I try to be as little indispensible as possible. If someone from ‘the business’ is in need of reporting, I try to give access to a tool that suits his/her needs. If they need to create or modify a report, they should not be dependent of me, or anyone else capable of doing Alfresco Magic. Being build op Open Standards and proven technologies does not mean everybody is capable of doing everything with it

My view on reporting is:

  1. ‘The business’ should be able to create/maintain reports.
  2. The reporting environment should support Aspects. If one adds a type with some additional properties, the reporting environment should be able to deal with it, without manual reconfiguring.

I was charmed by the basic approach of the “Alfresco generate reports with JasperReports” project; the scripted access to the Java logic to push the data into the reporting, and the use of JavaScript controlled JasperReports/iReport to define the report definition (can be used in Rules, Scheduled jobs, Actions, Workflow…). That I would keep.

I basically investigated 3 approaches:

Go XML. This is the approach of the “Alfresco generate reports with JasperReports” project. It is nice, but has same disadvantages. First of all the way to configure the data feed. XPath and XQuery is not something I trust the business with. You need more knowledge to construct a query than iReport will bring. If the business should be able to construct/maintain reports, it is a no-go. Next to that, the xml feed needs to be cached somewhere, real time generation is a pain when there is a lot of content.

Go NOSQL. Considering the Aspect-nature of Alfresco, a flexible approach would be one that accepts all kind of metadata fields without reconfiguring the reporting environment. NOSQL should be able to cater for that. MongoDB would be a nice candidate, kind of mature, JSON to interact with the database and multi platform availability. Downside is that the query language is not ‘really common’. Considering my customers, I would be the query wizzard again. This seems technically the most fancy solution, but it does not solve my problem; the business will not be able to operate the reporting by themselves (although iReport would ‘support’ it).

Go SQL. The big plus would be that some SQL knowledge is out there. There would be a lot more resources other than me to create and maintain reports. there also is enough tooling of choice to define and generate these reports. Downside is that a SQL database has a rigid set of columsn and column definitions. Manual extending a set of table definitions if someone happened to extend some aspects in the repository would be ‘unacceptable’. If this could be auto-configured, I have a nice solution…
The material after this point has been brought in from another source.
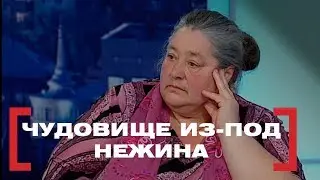 Чудовище из-под Нежина. Касается каждого, эфир от 10.04.2018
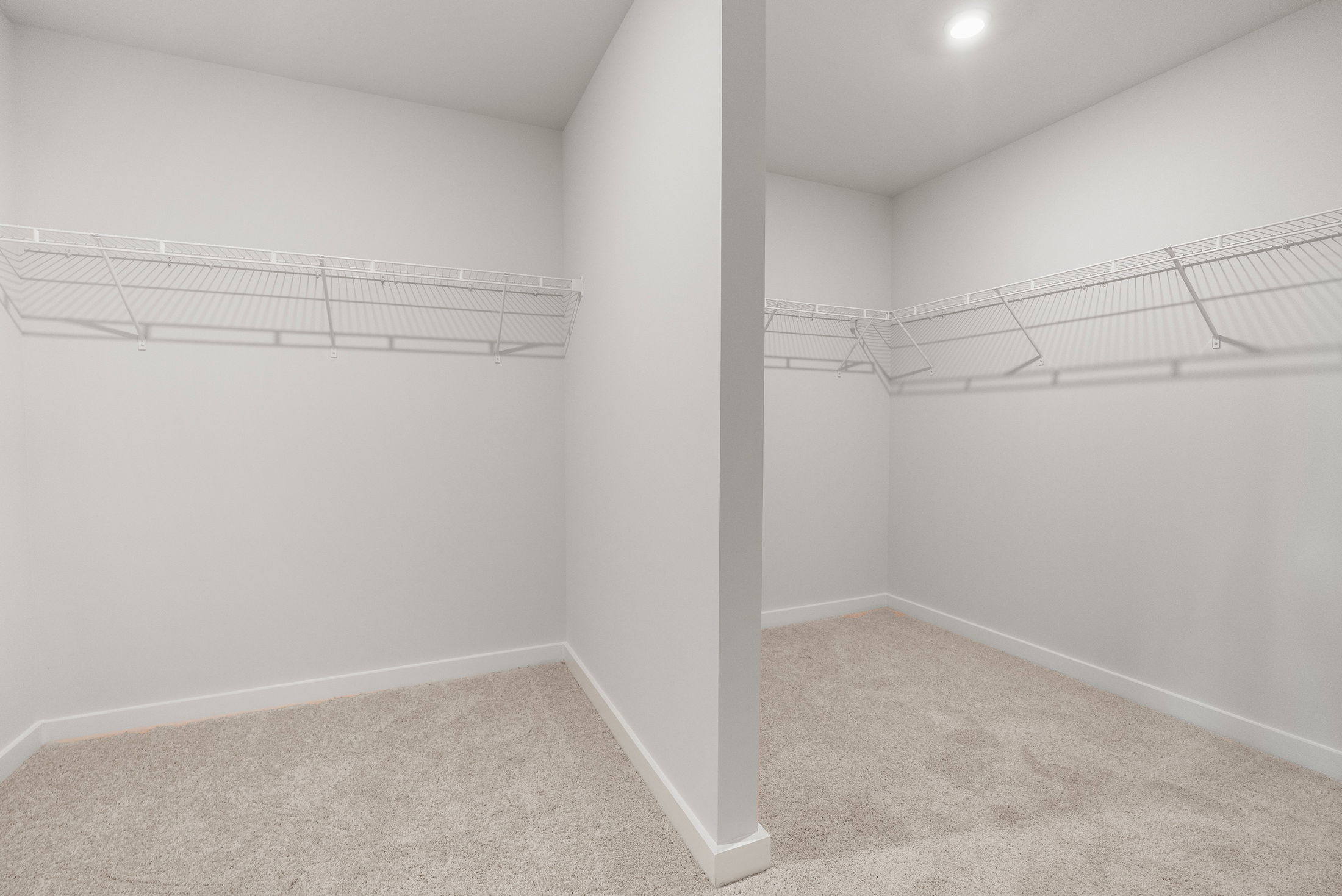 Spacious empty walk-in closet with white wire shelving and carpeted floor.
But how do I get the Aspect flexibility in the reporting tables? Can I use Alfresco’s own repository? In my Filenet days I created a view over the database to allow (real time) reporting against the production database. Feasible if there is hardly any load (on reporting nor document repository). For my intended use a separate DB would be required. I started creating a view on top of the DB, but stopped developing it. I do not like to be depending on Alfresco’s changes in the DB, they own the database schema, not me. Even ignoring any performance penalties.

My current implementation is based on a separate reporting database, JavaScript controlling a Freemarker search and some Java code to fill the reporting database, and a JavaScript method that creates any report against the external database.

Filling the reporting database
I fire a Freemarker Lucene query against the database. This is controlled by JavaScript, that targets at a specific TYPE query (excluding some derived types), and optionally includes a limitation in creation date (e.g. only look for stuff created since last query has run).  From the result set it creates a text based list of token separated key/values, and a super set of the list of token-separated  property name + type’s, given the TYPE configured. The bulk of the properties are just iterated over the array of properties of an object. Some properties are specifically though (like Site name, and the separate year/month of creation/modification of an object. I think these make reporting more easy). Currently, a range of reporting tables is provided, like Site, Content, Folder, Link, DatalistItem, DataList, Forum, Topic, Post.

The solution ran nice, but when tested against a decent-size repository I ran into the problem that a Lucene query never returns more than 1000 objects. A particular Alfresco instance out there can be configured to a higher number, but it is limited anyway. I solved this by doing a search, sort on sys:node-dbid, and search again with the restriction that the sys:node-dbid should be greater that the last one I spotted in the previous result set. Until there is no result anymore, then I got them all. This can of course be extended with the limitation to find objects only with a created/modified timestamp bigger than the last successful search query.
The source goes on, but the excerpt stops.